C'est la que se trouve la mésentente cruciale entre Obama et Nétanyahou. Le président américain traite l'Iran comme un pays « normal », qu'il est possible de ramener dans le rang international avec un régime du bâton (les sanctions) et de la carotte (un accord international). Pour l'israélien, « l'Iran a prouvé qu'on ne pouvait jamais lui faire confiance. » A plusieurs reprises, il a fait allusion à la Shoah, ce qui met implicitement l'Iran au rang du régime nazi...Et Obama dans le rôle de Neville Chamberlain?
A historic day today! The Israeli Prime Minister will educate Neville Chamberlain Obama about the nature of evil in our time. Must see TV!
— Sean Hannity (@seanhannity) March 3, 2015
• « L'Iran et l'Etat Islamique ce disputent la couronne de l'Islam militant. Dans ce jeu des trônes mortel, il n'y a pas de place pour Israël ou l'Amérique. »
Dans un discours politique, réussir à citer la série télévisée la plus populaire du moment, faire buzzer Twitter, taper sur l'Iran et l'Etat islamique et tout ça sans paraître ridicule, c'est du grand art. Mais au delà de ces considérations, Benyamin Netanyahou fait savoir que l'engagement de l'Iran contre l'Etat Islamique ne l'émeut guère, alors qu'il est considéré comme un signe encourageant par l'administration Obama.

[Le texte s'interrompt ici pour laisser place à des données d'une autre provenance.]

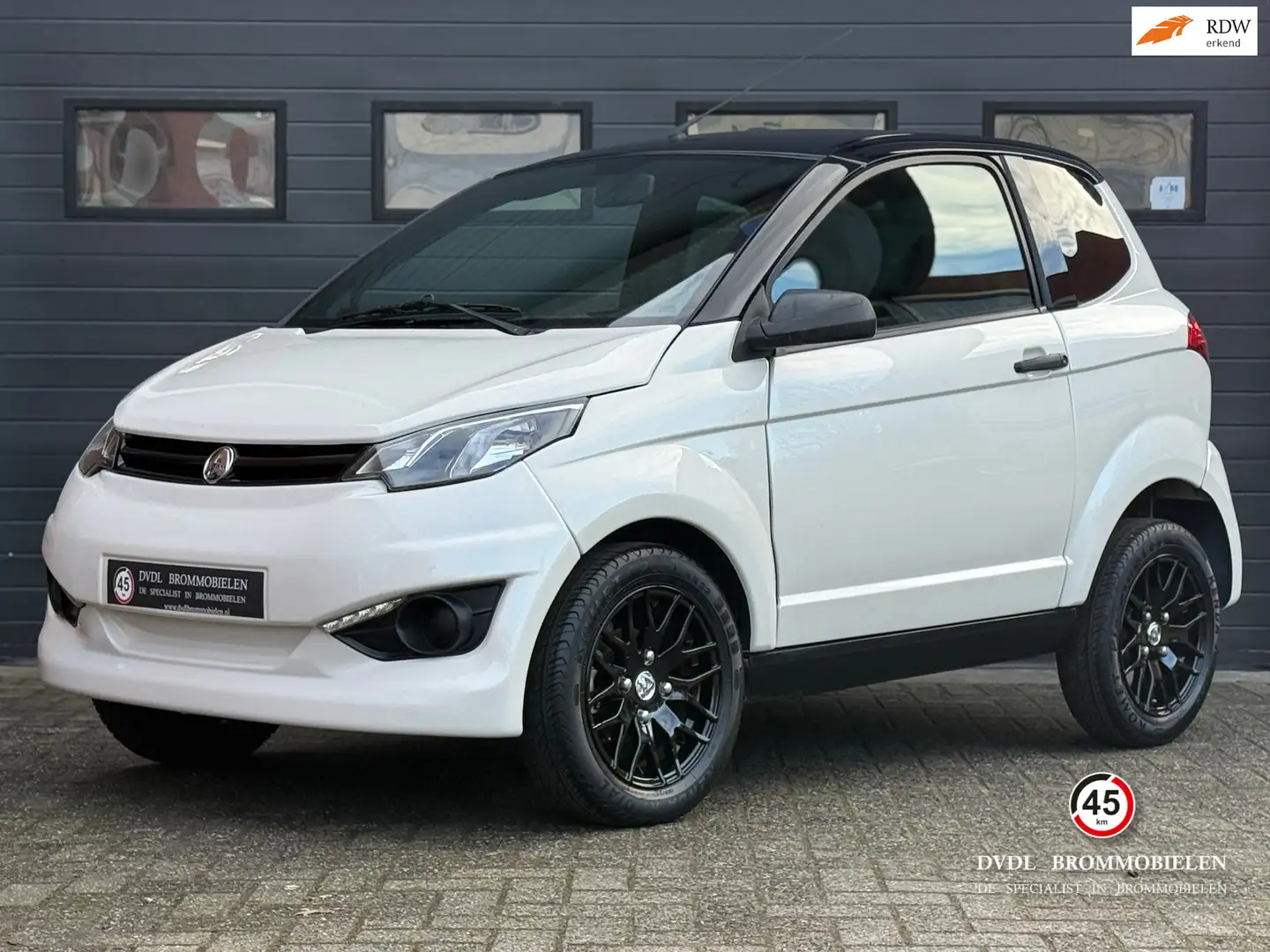 Aixam City Sport Black Brommobiel 45km 2016 17dkm NIEUWSTAAT Blanc - 1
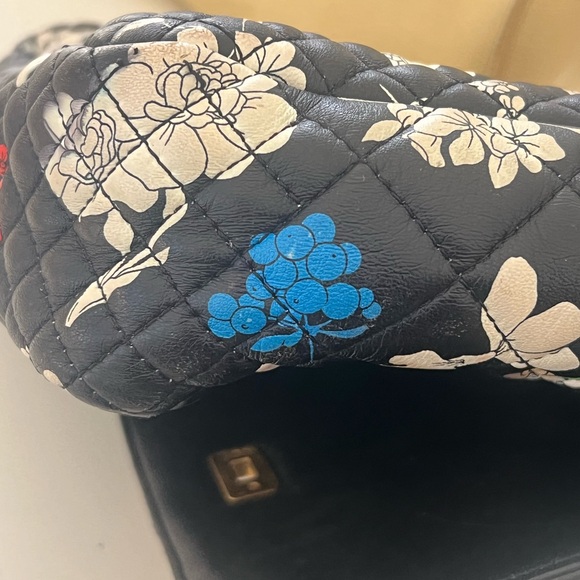 Versace handbag(box not included) - Picture 15 of 15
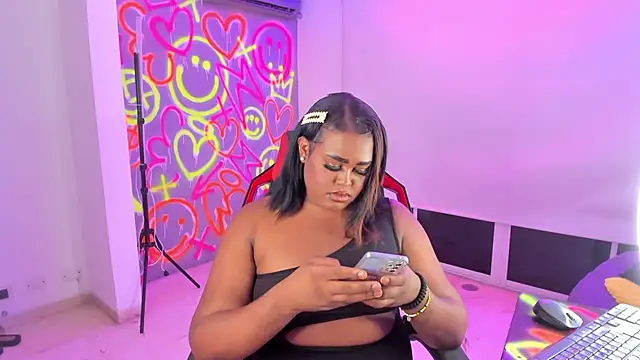 Snapshot of GEANNAROSE chatting on January 23, 2025, 4:52 am GEANNAROSE online show from January 23, 2025, 4:52 am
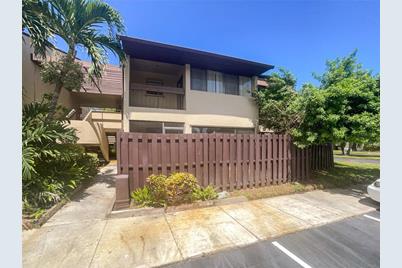 865 N Village Drive N #104, Saint Petersburg, FL 33716 - Photo 1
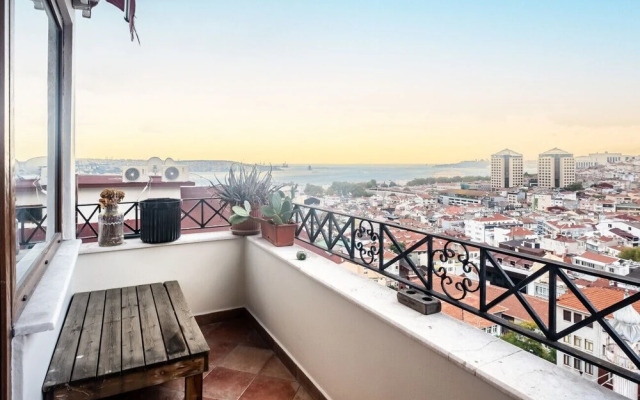 Apartment With Fascinating View in Besiktas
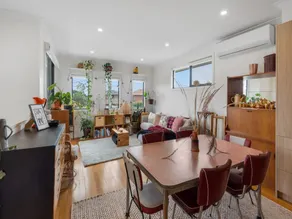 Charming Retro Townhouse in Vibrant Coburg - Image 5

pic.twitter.com/Kd9eg2HcpB— darth™ (@darth) March 3, 2015
• « Cet accord ne bloque pas l'accès à la bombe à l'Iran, il pave la voie de l'Iran vers la bombe. »
Le cœur du discours se trouve ici. Benyamin Netanyahou n'est pas venu aux Etats-Unis pour critiquer l'Iran ou suggérer une politique différente. Il est venu pour torpiller l'accord négocié en Suisse.Le premier ministre a dessiné un tableau à deux issues.
Soit les iraniens se moquent de l'accord et obtiennent la bombe grâce à un allègement des sanctions. Soit ils attendent l'expiration des mesures de contrôle du traiter pour construire «190 000 centrifugeuses » (le chiffre est, de l'avis de nombreux experts, parfaitement fantaisistes) et obtenir la bombe.
Les réactions contre Netanyahou se sont concentrées sur deux fronts. Premièrement, le premier ministre israélien tient plus ou moins le même discours depuis longtemps. « Cela fait vingt ans que Bibi dit que l'Iran et à un an d'avoir la bombe » a par exemple commenté un officiel de la Maison Blanche. Barack Obama lui a été particulièrement sec dans un entretien accordé à AP, reprochant notamment à son allié israélien de « ne proposer aucune alternative
• « Israel peut lutter tout seul. »
La fin de cette citation est « mais je sais que les Etats-Unis lutteront avec nous », il n'empêche, cette déclaration pour conclure un discours n'est pas une phrase de rassemblement anodine. Dans la rhétorique du Premier Ministre, les choix qui s'offrent aux Etats-Unis et à Israël sont un Iran nucléaire ou une lutte constante contre la République Islamique. De ça à suggérée une intervention armée contre les sites nucléaires iraniens, la distance n'est pas grande, mais Netanyahou a pris bien soin de ne pas la franchir.